If it doesn’t, unplug your computer from your monitor and plug in a streaming or other device that can interface with your monitor. If the monitor blanking persists, then it’s the monitor and you’ll need to get it repaired or replaced.
Which makes sense to you depends on your finances and any attachment you may have to your monitor. For example, I have a monitor that I’ve been using for a decade that I absolutely love. While it’s not my primary monitor anymore, I’d be distraught if it suddenly stopped working. If I couldn’t fix it myself, it would be cheaper to buy a new one than to get it repaired.
If it’s not your monitor, then I’m sorry to say it’s your…
Reason 6: GPU
GPUs break. I won’t say they break often, but because of thermal stresses on GPUs they’re one of the more likely things to break in your computer.
Unfortunately, as I mentioned above, GPUs are complex computing devices. They’re typically 4-8 layer printed circuit boards, or PCBs, with thousands of components on them. Alternatively, they may be a partition of the CPU package, which is the chip that runs your computer.
Diagnosing specific problems can be straightforward. Fixing them is almost impossible for even most electronics enthusiasts. I’m not saying it can’t be done, just that it is likely to be expensive if it can. A more practical solution here may be replacing your CPU or GPU, depending on which houses the GPU at issue.
Still, I’d recommend some rudimentary attempts at repair. It could be dirt in the GPU’s video out ports or the GPU may be unseated if the computer was jostled. Do not try this with your CPU.
Turn off your computer and unplug the power and video cables from the back. Remove the side panel. Unplug the power cables from your GPU (if applicable) and remove the GPU from the computer case.
Dip a paper towel in 99% rubbing alcohol. Gently rub the PCIe connectors at the bottom of the card to clean them. Gently clean the video out ports with an alcohol-saturated q-tip. Gently do the same for the motherboard PCIe connector.
I emphasize gently because any damage to any of those three points and a potentially working GPU and motherboard become very expensive paperweights.
Let everything dry. Inspect the PCIe and GPU video out ports for debris. Use canned air to blow them out if there is. Then reinstall the GPU, close your computer, and try it out. If it works, great! If not, don’t write off your GPU yet. It could be…
Reason 7: Power Delivery Issues
Power supplies age and cease operation.
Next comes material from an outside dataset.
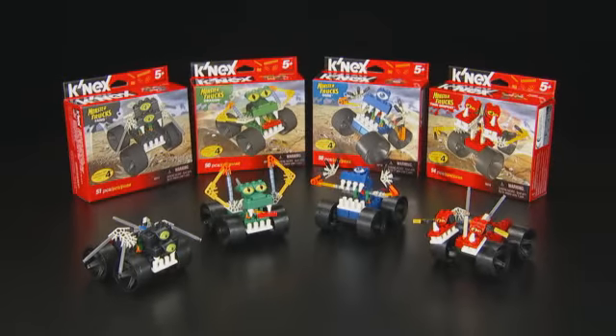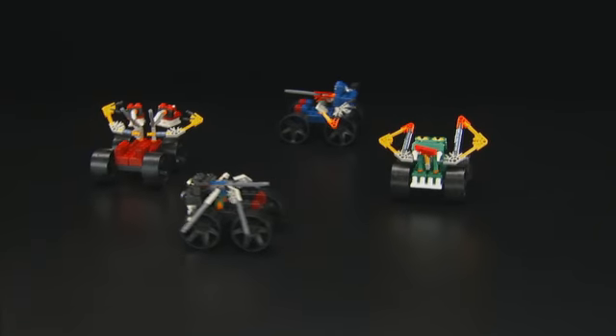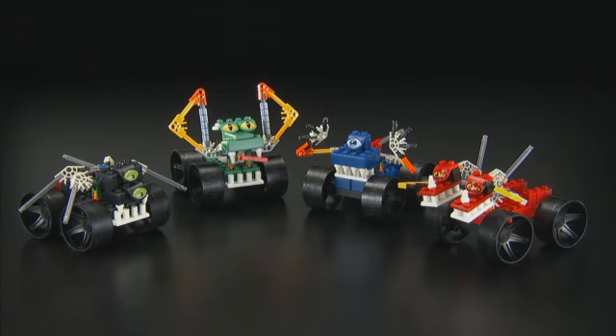Introducing the new Monster Truck Assortment from K'nex. Build four different Monster Trucks: Fang, Dragon, Ogre, and Twin Serpent.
They’re probably the most common computer component to do so.
They’re also rated to a specific power output at maximum load. If you recently upgraded computer components and not your power supply, then you may be underpowering your computer.
If you troubleshot your GPU and it’s still not working, try replacing your power supply first. In many situations, it’ll be less expensive than replacing your GPU. You may also want to upgrade its maximum power output while you’re at it, especially if you upgraded other computer components.
Fortunately, there are numerous causes for temporary monitor blanking. Many of those can be easily discerned by most home users and are relatively straightforward to solve. Unfortunately, a couple of those causes can be quite difficult to manage and require professional help.
I would recommend that you do what you can and what you’re comfortable with before seeking that help. Don’t hesitate to get help for your computer, though. It will give you peace of mind and a trouble-free computing experience.